Supreme Court of the State of New York, Albany County
Aug 4, 2004
2004 N.Y. Slip Op. 50910 (N.Y. Sup. Ct. 2004)

Opinion

4312-04.

Decided August 4, 2004.

JOHN CIAMPOLI, ESQ., Attorney for Petitioners Albany, New York.

JAMES E. LONG, ESQ., Attorney for Respondent Candidate and Party Chairman Albany, New York.

STANLEY ZALEN, ESQ., Attorney for Respondent State Board Of Elections Albany, New York.


Petitioners challenge the Independence party designating petition and the Democrat party certificate of authorization concerning the candidacy of Sandra Oxford. The court will consider each in turn.

The respondent Sandra Oxford (Oxford) filed designating petitions with the respondent New York State Board of Elections (Board) to be a candidate of the Democrat Party, Independence Party and the Working Families Party for the office of State Senator from the 42nd Senate District in the September 14, 2004 Primary Election of such parties. This senate district encompasses all or parts of four counties: Ulster, Orange, Sullivan and Delaware.

Oxford had previously been enrolled as a member of the Green Party through the 2002 gubernatorial election and is apparently now an enrolled member of the Independence Party.

INDEPENDENCE PARTY:

Petitioner Mary Silano (Silano), who is an enrolled member of the Independence Party, filed general objections and specifications of objection challenging the validity of Oxford's Independence Party designating petition. The basis for her challenge was that the filed designating petition did not contain a sufficient number of valid signatures of qualified voters of the Independence Party to constitute a valid designating petition for the office of State Senator for the 42nd Senate District.

The Board has not yet made a determination with regard to petitioner Silano's objections and specifications.

On the return date of the instant proceeding, however, counsel for Oxford stipulated that if the Independence Party designating petition were presented to the court and the number of signatures therein counted, that the number of such signatures would be inadequate or less than the legally required number of valid signatures of qualified enrolled voters in the Independence Party to constitute a valid designating petition.

Based upon this stipulation, the court denied Oxford's motion to delay the court's decision in this matter until the Board is scheduled to meet and rule upon objections in this and other matters.

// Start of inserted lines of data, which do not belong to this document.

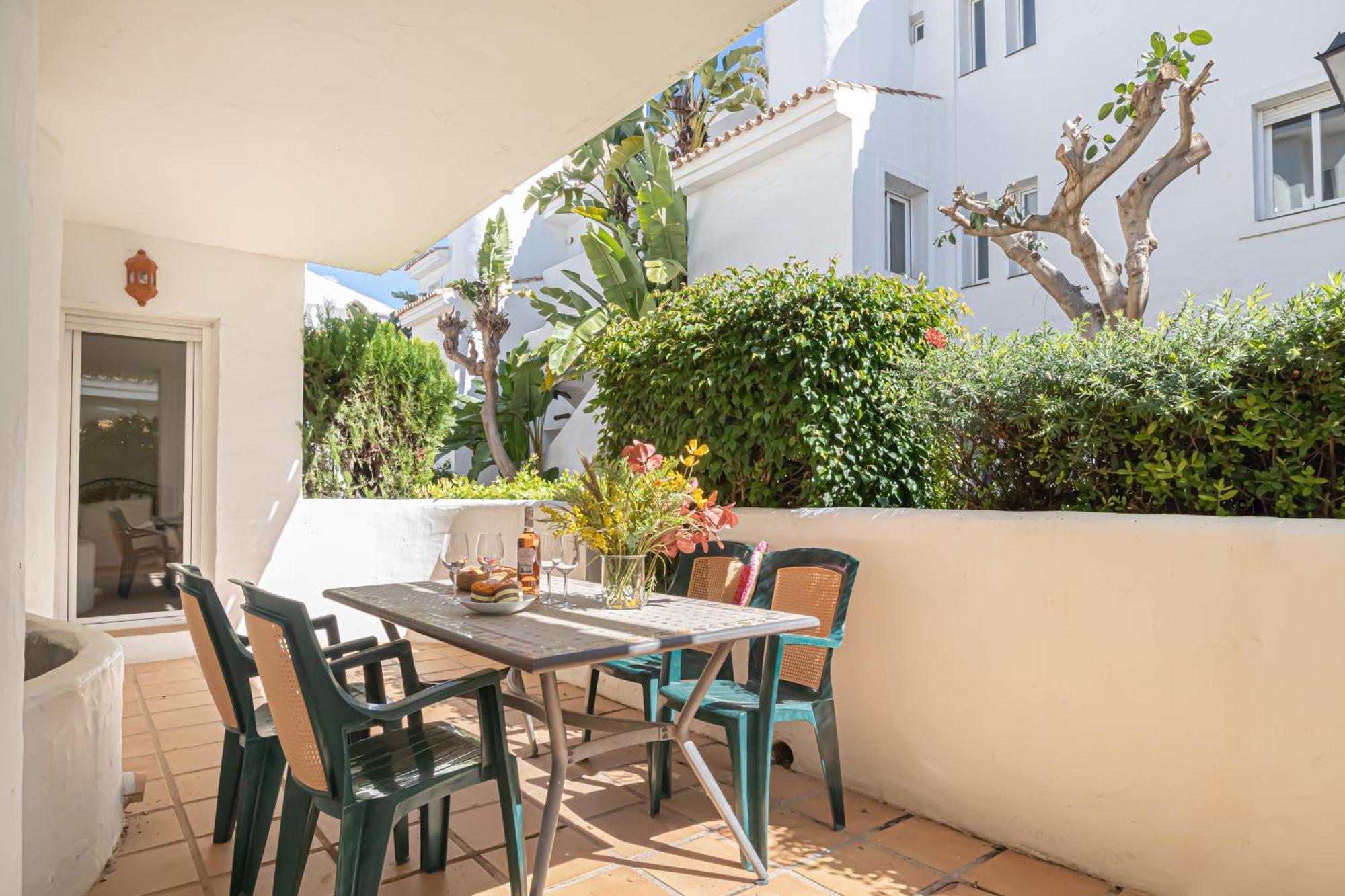 Apartment Naranjos De Luxury - Happy *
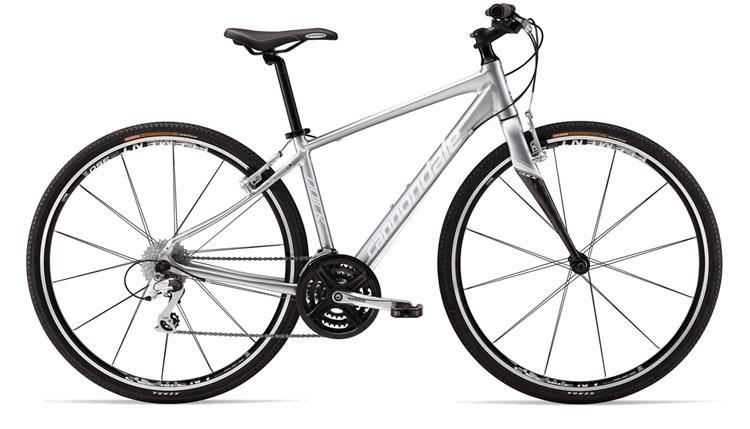 2011 Cannondale Quick 4  Black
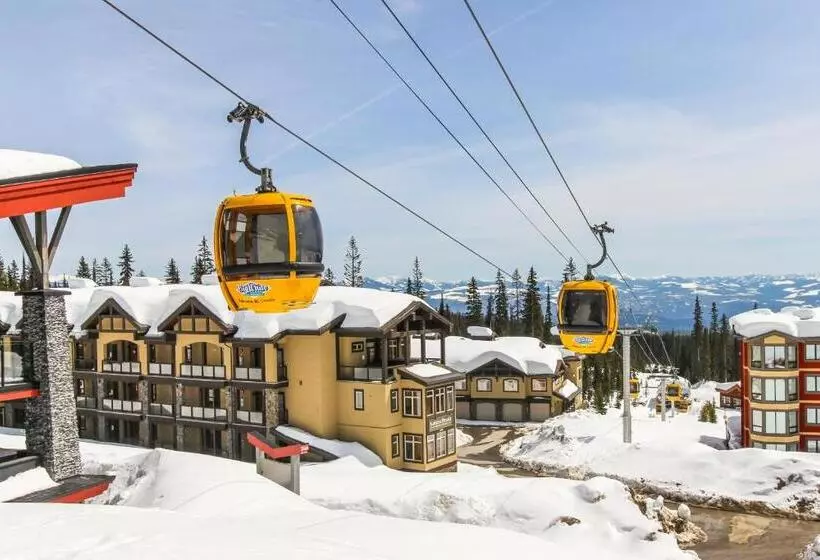 Hotelli Snow Ghost Inn 326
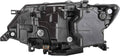 RH HEADLAMP ASSY COMPOSITE LED NISSAN ROGUE 20172018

This meeting of the Board is not scheduled to be held until after this court is required, by scheduling orders of the Third Department Appellate Division and the Court of Appeals, to have completed all decisions in Election Law proceedings.

The court rules that based upon the stipulation of an insufficient number of valid signatures on the disputed designating petition, the Independence Party designation of the Oxford is invalid and that her name should be removed by the Board as a candidate of that party for the office of State Senator for the 42nd Senate District in the 2004 General Election.

DEMOCRAT PARTY:

Petitioner Gregory Gilman (Gilman), who is enrolled in the Democrat Party, filed general objections and specifications challenging the designating petition of the Democrat Party naming the Oxford as that party's candidate for State Senator for the 42nd Senate District.

The objections included a challenge to Oxford's name as it appeared on the petition and cover sheet and a second challenge to the description of Oxford's residence address as it appeared on the petition sheets. These two objections were withdrawn at the conclusion of the proceeding.

The remaining challenge to the Democrat designation of Oxford arose out of the authorization of her candidacy by the Democrat Party as required by section 6-120 of the Election Law, because Oxford is not an enrolled member of the Democrat Party.

A certificate of authorization was timely filed with the Board which was signed by respondents Timothy Hill (Hill) and Jonathan Jacobson (Jacobson), as the Democrat Party County Chairmen for Sullivan and Orange Counties, respectively.

The certificate stated that: "[A]t a meeting of the New York State 42nd Senate District Committee of the Democratic Party held on the 13th day of July, 2004, a quorum being present, said committee, by majority vote of the members present, did consent and authorize the nomination/designation of Sandra Oxford. . . ." (Matters in italics were handwritten entries on a preprinted form) It turns out that for several months prior to July 13, 2004, the respective four Democrat County Chairmen of Ulster, Sullivan, Orange and Delaware Counties had been discussing and communicating to each other their support for the candidacy of Oxford as their senate candidate in the 42nd Senate District.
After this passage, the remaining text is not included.